In Philippine Senate Resolution (PSR) 271 filed late Wednesday afternoon, the new Liberal Party president said: "The propagation of fake news stories has become an effective weapon of several political operatives to influence public opinion and national discourse. As a result, the level and quality of public discourse have suffered. Discerning the truth from the lies has become more difficult every day as manipulation of information and blatant fabrication of stories have become increasingly rampant."

Pangilinan, who as a young lawyer gave free legal advice on television and radio, asked the Senate to conduct an inquiry on the proliferation of misinformation and fake news sites on social media platforms, particularly on Facebook.

"In this digital age, Facebook and other social media platforms play a crucial role in the practice of democracy. More than being an online platform, Facebook may be described as a de facto media company or publisher that should be responsible and accountable for the content it distributes and allows to be distributed, in order to protect the national discourse from fabricated and false news," he said.

Pointing out the Constitutional provision that recognizes the vital role of communication and information in nation-building in Article II, Section 24, Pangilinan said: "There is a need to look at the systems that protect the freedoms accorded to all Filipinos by our Constitution, especially where those freedoms are being undermined by a surge in social media abuse through the propagation of falsehoods, defamation, character assassination, and national security threats. It is therefore in the interest of the State to protect the integrity of cyberspace so that it will become a tool for development, and not a tool for sowing dissent and virulent tribalism."

"Some are now considering social media as the fifth pillar of a democratic republic, as it plays a crucial role in the participation of citizens in governance," Pangilinan said. "We must also ensure that our people are well-equipped with media literacy skills so that they are able to discern what is factual and what is not."

Noting how fake news affected the outcome of the United States presidential election by outperforming real news during the final weeks of the campaign, the senator said: "The conversion of false stories into major news topics in this era of post-truth politics has become problematic not only in the Philippines, but also in other parts of the world."

In 2016 the Philippines had 59.2 million Internet users, with more than 22 million actively engaged on Facebook during the May national elections. Criticisms have been leveled on the role of the Internet and social media for the rampant spread of misinformation and fake news sites that may have influenced critical decision-making.

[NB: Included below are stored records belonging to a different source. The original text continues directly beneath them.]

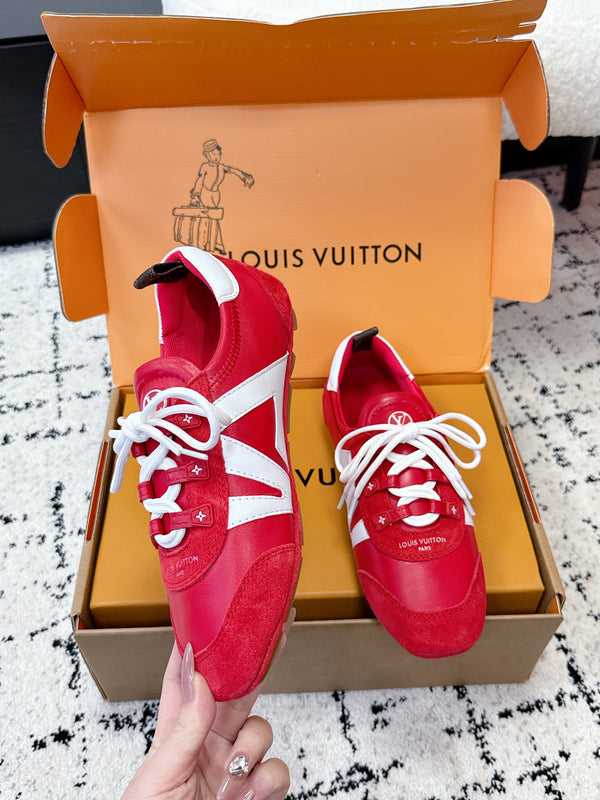 LV Sneakerina Sneaker Red White Suede Leather 616976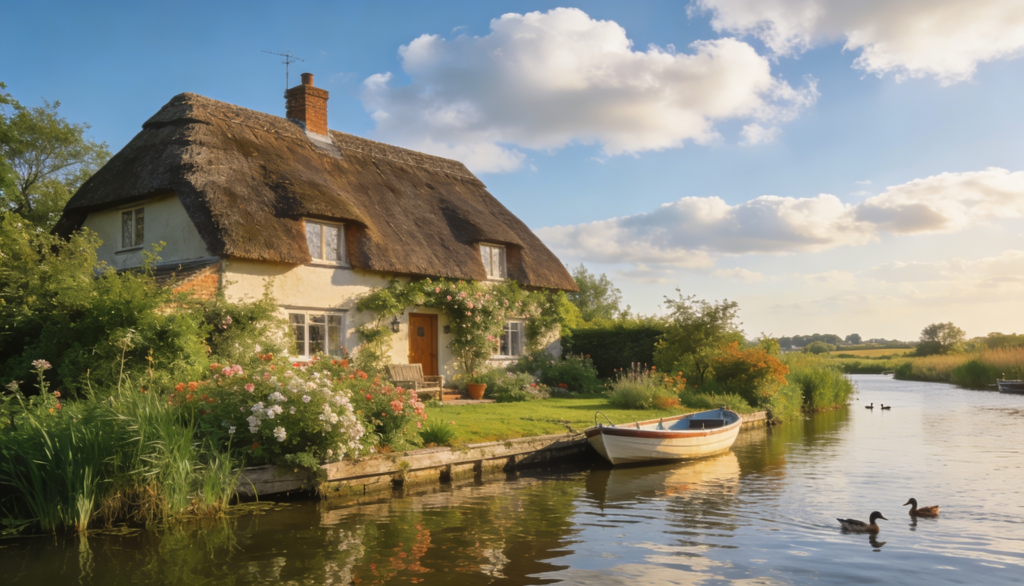 A picturesque holiday let property by the Norfolk Broads with scenic water views and lush greenery.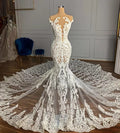 Luxuriöses Meerjungfrau-Brautkleid mit Rundhalsausschnitt, langem Tüll und Perlenstickerei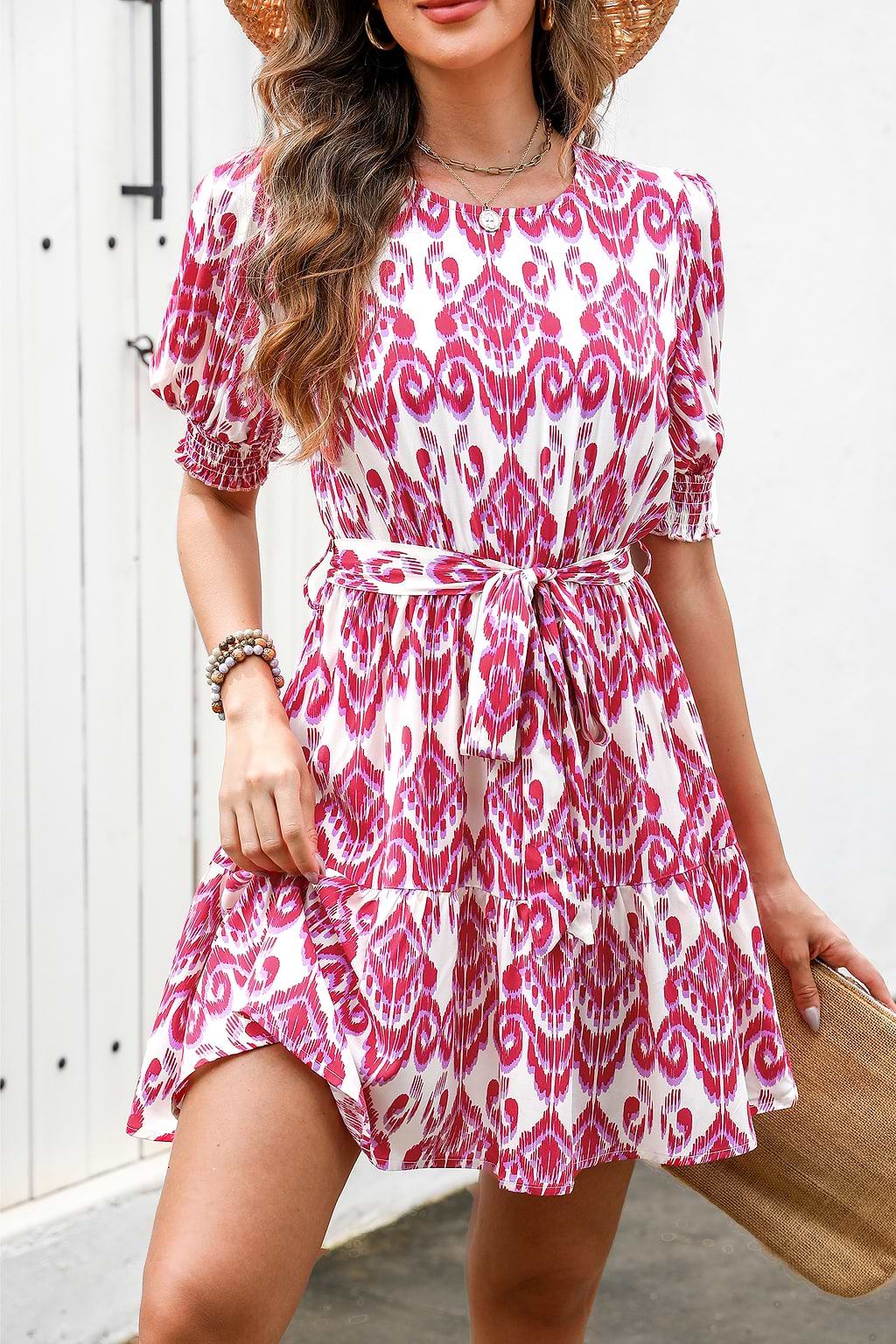 Belted Geo Print Mini Dress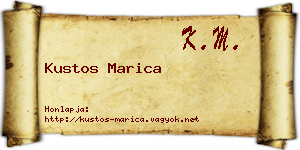 Kustos Marica névjegykártya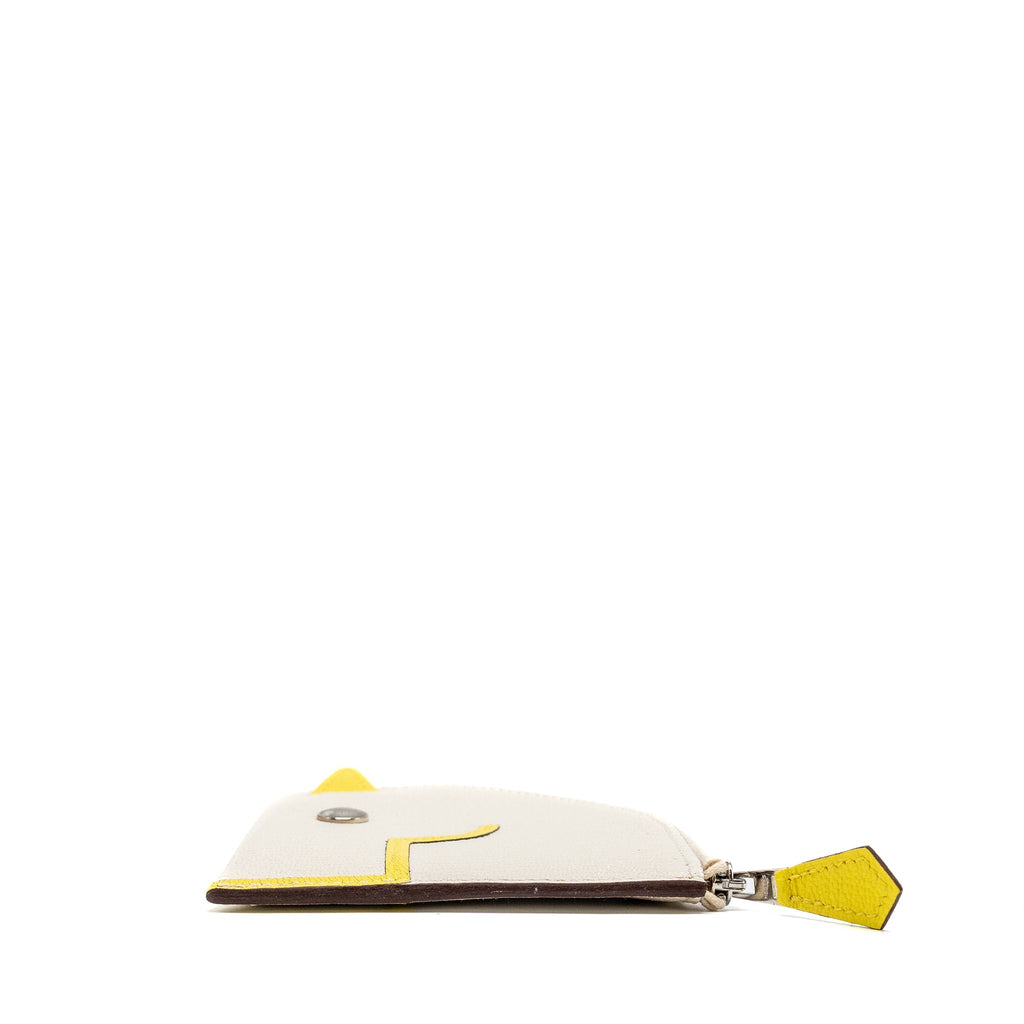 HERMES PADDOCK CHANGE PURSE CHEVRE MYSORE NATA/JAUNE CITRON SHW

Pangilinan's resolution was inspired by German legislators who announced their intention to penalize Facebook for every post not properly moderated within 24 hours.

PSR 271 seeks to direct the appropriate Senate committee to conduct an inquiry in aid of legislation on the proliferation of misinformation and fake news sites in social media platforms and to possibly amend the 2012 Cybercrime Law and other laws, in accordance with respect for freedom of speech and of the press.